Le vendite di auto in Europa stanno calando ormai da cinque anni e sembra un crollo senza fine. I dati ufficiali svelati in questi giorni mostrano che le immatricolazioni sono calate di almeno l’11% a settembre, rispetto ai dati del 2011. In Francia la perdita è stata del 18%, in Italia del 26% e in Spagna addirittura del 37%. La Gran Bretagna è stato l’unico mercato a vedere un leggero aumento.
 
Secondo l’Economist, l’Europa era già ricca di stabilimenti nei periodi in cui si riuscivano a vendere circa 17 milioni di auto all’anno. Ora che le vendite si attestano sui 13 milioni, la sovrapproduzione è un problema evidente.
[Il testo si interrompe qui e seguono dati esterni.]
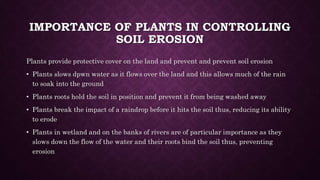 Soil erosion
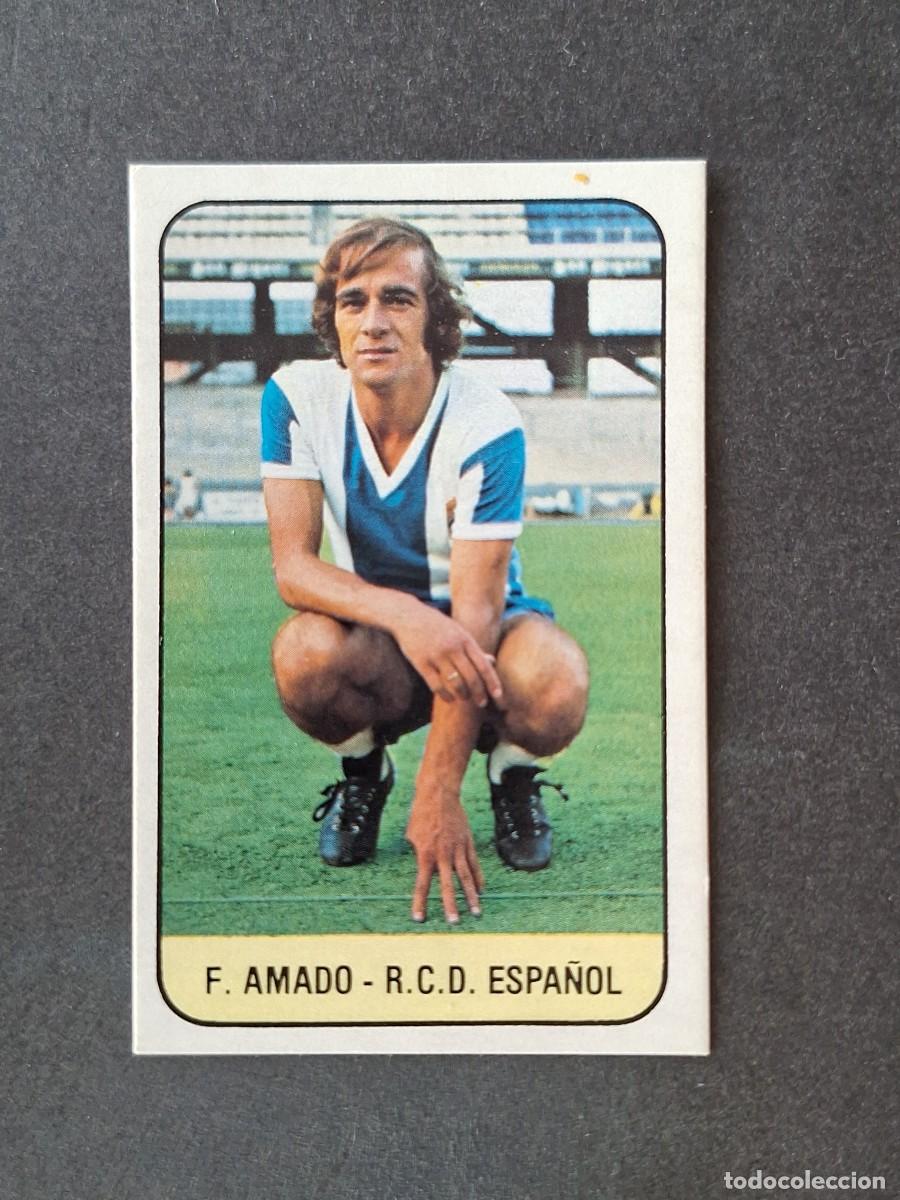 Cromos de f&uacute;tbol: L3 F. AMADO R. C. D. ESPA&Ntilde;OL LIGA ESTE 1978 1979 78 79 DESPEGADO RECUPERADO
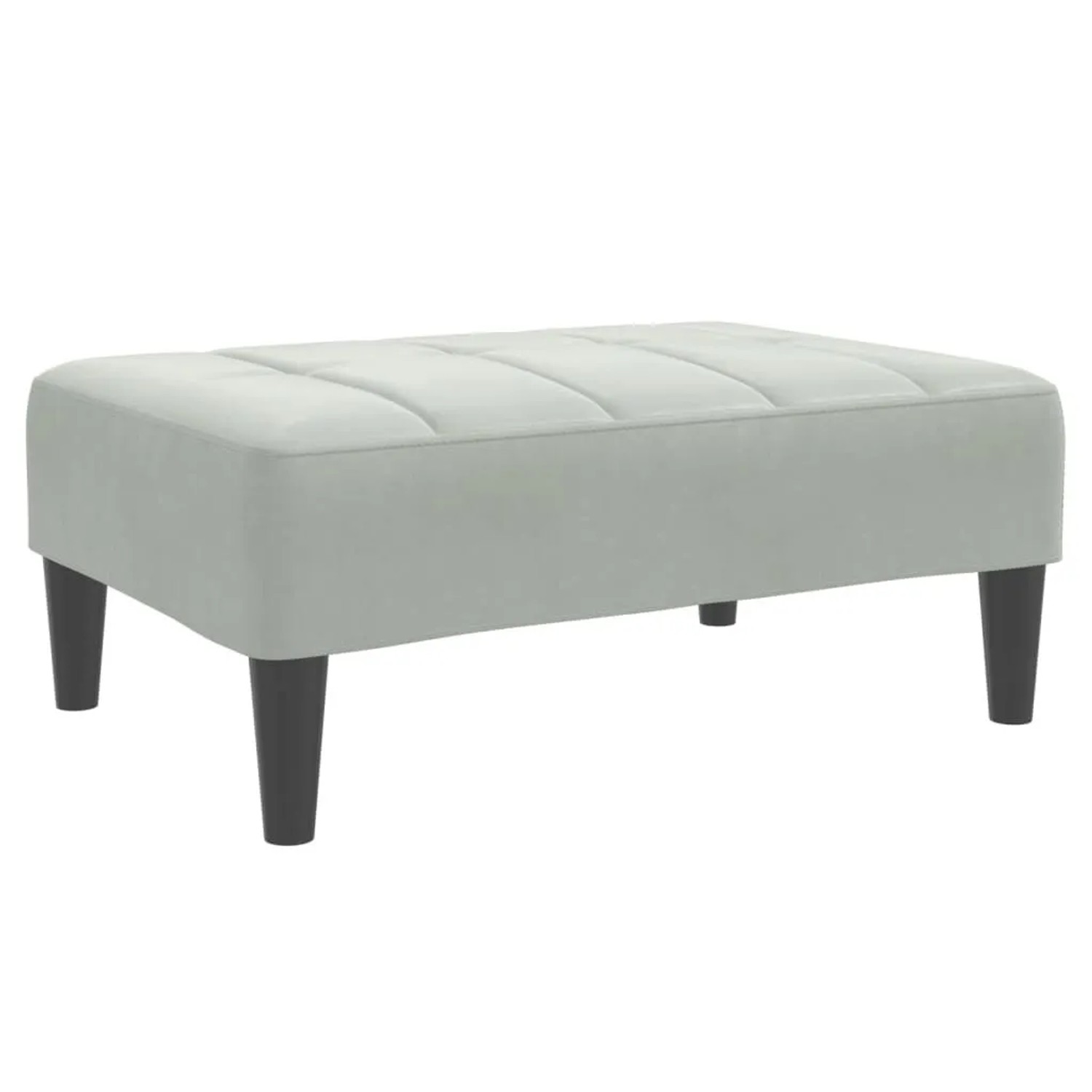 vidaXL Fußhocker Hellgrau 77x55x31 cm Samt 4007384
Ma finora ci sono stati solo tagli parziali. L’ad di Fiat, Sergio Marchionne, ha visto fallire la sua proposta alla Commissione europea affinché il governo dell’Ue monitorasse e desse indicazioni su un piano drastico di ristrutturazione dell’industria dell’auto, così come aveva fatto il governo statunitense con i tagli al settore durante la crisi finanziaria.
 
Le chiamano razionalizzazioni…
 
Il 24 ottobre la razionalizzazione dolorosa ma necessaria ha fatto un passo avanti e uno indietro. Ford ha rivelato la sua volontà di chiudere uno stabilimento in Belgio, mentre il governo francese ha annunciato il piano di salvataggio di Peugeot-Citroen, condizionata al fatto che il gruppo riesamini il suo progetto di tagliare 6000 posti di lavoro e chiudere l’impianto di Aulnay, vicino Parigi.
 
Il sollievo statale per Peugeot
 
Il salvataggio di Peugeot arriva sotto forma di 7 miliardi di euro di garanzie di credito al braccio finanziario della società, che presta capitali ai clienti e ai venditori. Peugeot deve accettare un sindacalista e un rappresentante governativo nel suo cda, e deve sospendere il pagamento dei dividendi e delle share options. La società ha poi annunciato progressi nella proposta di alleanza con Opel-Vauxhall, il produttore europeo di GM, anch’essa in crisi, e in particolare nel piano di collaborazione su alcuni nuovi modelli, che avranno gran parte delle loro parti interne in comune.
 
I piani di Peugeot e Opel
 
Il passo logico successivo per Peugeot e Opel è la fusione e l’eliminazione dell’eccesso di capacità produttiva, ma questa prospettiva si scontrerebbe con una fiera resistenza statale e sindacale. Le due società sperano che, dividendo i costi per lo sviluppo di modelli, potrebbero risparmiare un miliardo di dollari all’anno entro il 2016. Ma nessuno dei due produttori può concedersi il lusso di guardare così a lungo termine. Peugeot ha già ammesso di bruciare 200 milioni di euro al mese e questo implica l’esaurimento dei capitali a disposizione entro un paio d’anni.
 
La speranza supermini…
 
L’unica speranza è dunque rappresentata da una “supermini”, la Peugeot 208 lanciata all’inizio del 2012, ma per cui si sta già pensando allo stop della produzione, a causa dei dati sulle vendite, più deboli del previsto. GM ha già annunciato la chiusura di uno stabilimento di Opel in Germania, ma la pressione affinché si spinga oltre è molto forte. Morgan Stanley ha suggerito a GM di vendere Opel, ma sembra difficile trovare un acquirente pronto a sborsare fino a 13 miliardi di dollari.
 
La salute di Bmw, Jaguar e Land Rover
 
I produttori europei di automobili del segmento premium stanno viaggiando invece in acque tranquille. BMW, Jaguar e Land Rover stanno assistendo ad un loro boom nei mercati emergenti, e anche Volkswagen, nonostante un calo degli utili, sembra scampare alla crisi del settore.
 
La soluzione all’americana
 
La ristrutturazione dell’industria automobilistica americana, gestita dal Tesoro, ha portato alla chiusura di 18 impianti produttivi. Secondo l’Economist, lo sconvolgimento ha permesso ai produttori di Detroit di riposizionarsi nel mercato, anche se il motivo base del loro recente recupero risiede nella ritrovata fiducia dell’economia statunitense. Con la crisi che si abbatte sull’euro, non succede purtroppo lo stesso in Europa.